Now, with a “passionate and open-minded” French chef heading up the outlet, the focus is much more on providing French cuisine in a French atmosphere, rather than merely drawing upon some elements of the country’s cuisine.
With 12 years’ experience working in French restaurants for various French chefs, new chef de cuisine Franck Detrait describes his menu as “revisited traditional”.
To explain exactly what this means — and to find out why lowering prices was an important part of the relaunch strategy — Hotelier Middle East caught the hotel’s culinary team in action.
Chef de cuisine Traiteur
What influences from your 12 years’ experience did you draw upon in creating the new menu at Traiteur?
My 12 years’ experience allows me to have a strong basis [for menu creation]. The Traiteur menu is a combination of all the French courses that I have attended, where I learnt how to prepare a variety of cuisine from diverse backgrounds.
Were there any particular ingredients that were hard to source?
I had to bring with me from France some products like the “jasmin essence” to constitute one of my main dishes, however, everything is easy to find in Dubai — it is just a question of the time it takes for delivery.
You describe your cuisine as “revisited traditional”. What does this mean?
I inspire myself through French traditional backgrounds and different sources, and then I try to mix the tastes to discover a perfect harmony between the ingredients — for example, “micuit” smoked salmon with the mango and passion fruit condiments.
And how have you translated your knowledge of French cuisine and French brasseries into creating the appropriate ambience at Traiteur?
Thanks to my background and experience, I have developed a “savoir faire” from the Parisian’s most famous places that enables me, with some facility, to reconstruct the same spirit and atmosphere at Traiteur.
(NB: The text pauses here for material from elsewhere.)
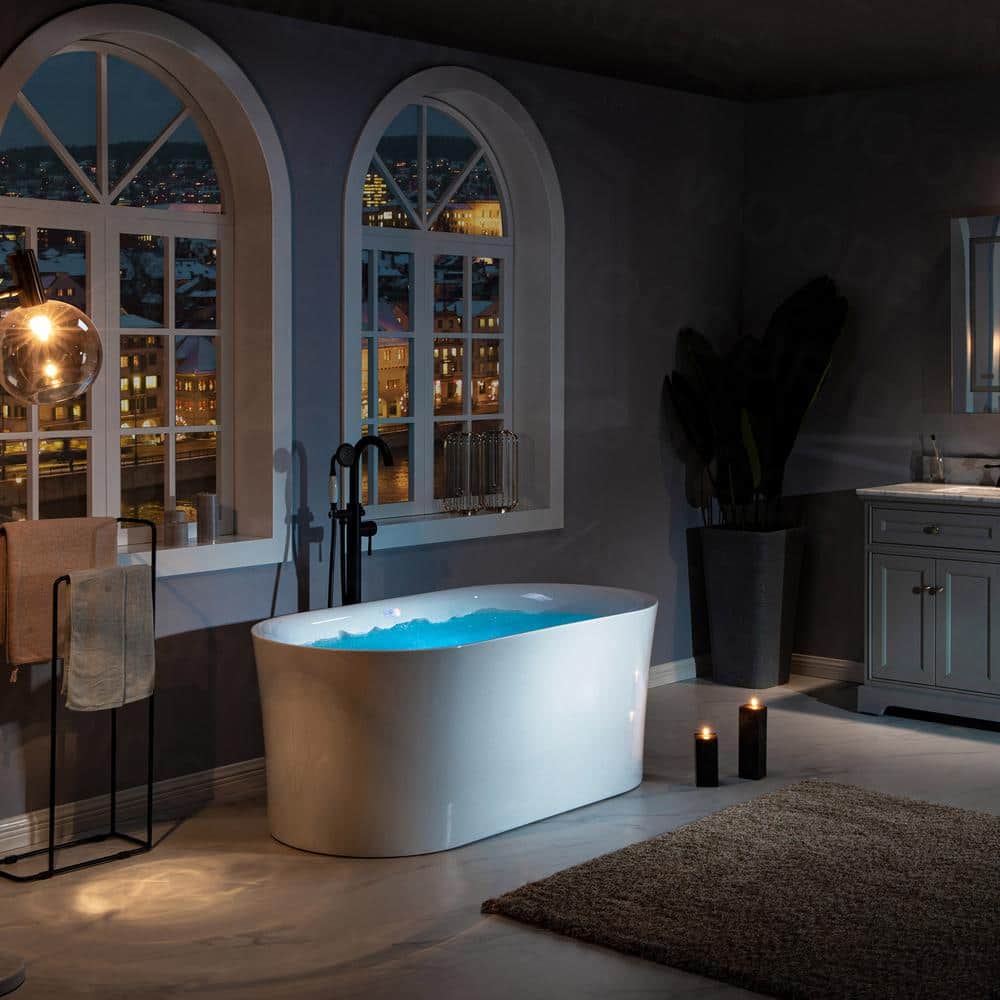 67'' White Acrylic Freestanding Air Soaking Bathtub with Brushed Gold Trim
This is your first role outside of France; how does working as a chef in Dubai differ from working as a chef in France?
Indeed, it is different because I deal with multicultural staff in Dubai, to whom I need to introduce the French ethics in cooking. However, I am very pleased with my team — they wish to learn from me and are very motivated by this new challenge.
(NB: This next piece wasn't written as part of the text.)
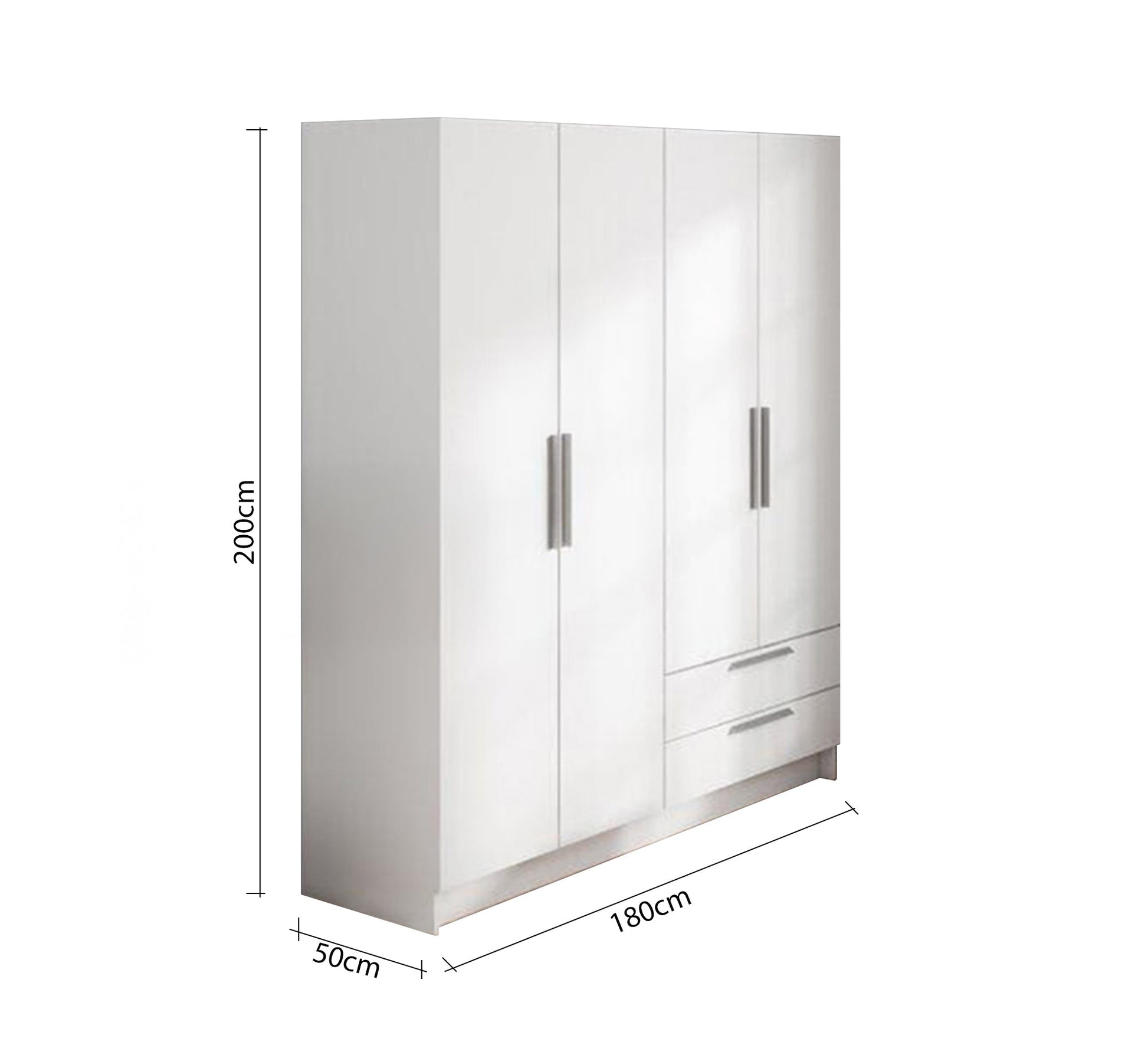 White wardrobe with modern doors and handles - Vitrine Furniture - Furniture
How many people are there on your team and as a young chef, what is your approach to team management?
I have 12 people in my brigade from the commis to the sous chef. I have had the opportunity to manage different teams throughout my previous jobs and I applied these skills with this new adventure in Traiteur.
How would you say consumers have responded to the relaunch of Traiteur over the past month?
I have been in this position for one month and so far I have received good comments and feedback from the clients. In saying that, I am open-minded to all criticism I receive as it permits me to better satisfy the client’s needs and expectations.
Where would you like to see Traiteur in 12 months time?
Traiteur restaurant will be the place to be seen on the Dubai dining calendar. I see Traiteur as a classy and stylish restaurant with a French soul, good French cuisine and with an open kitchen that enables me to share my passion with my clients.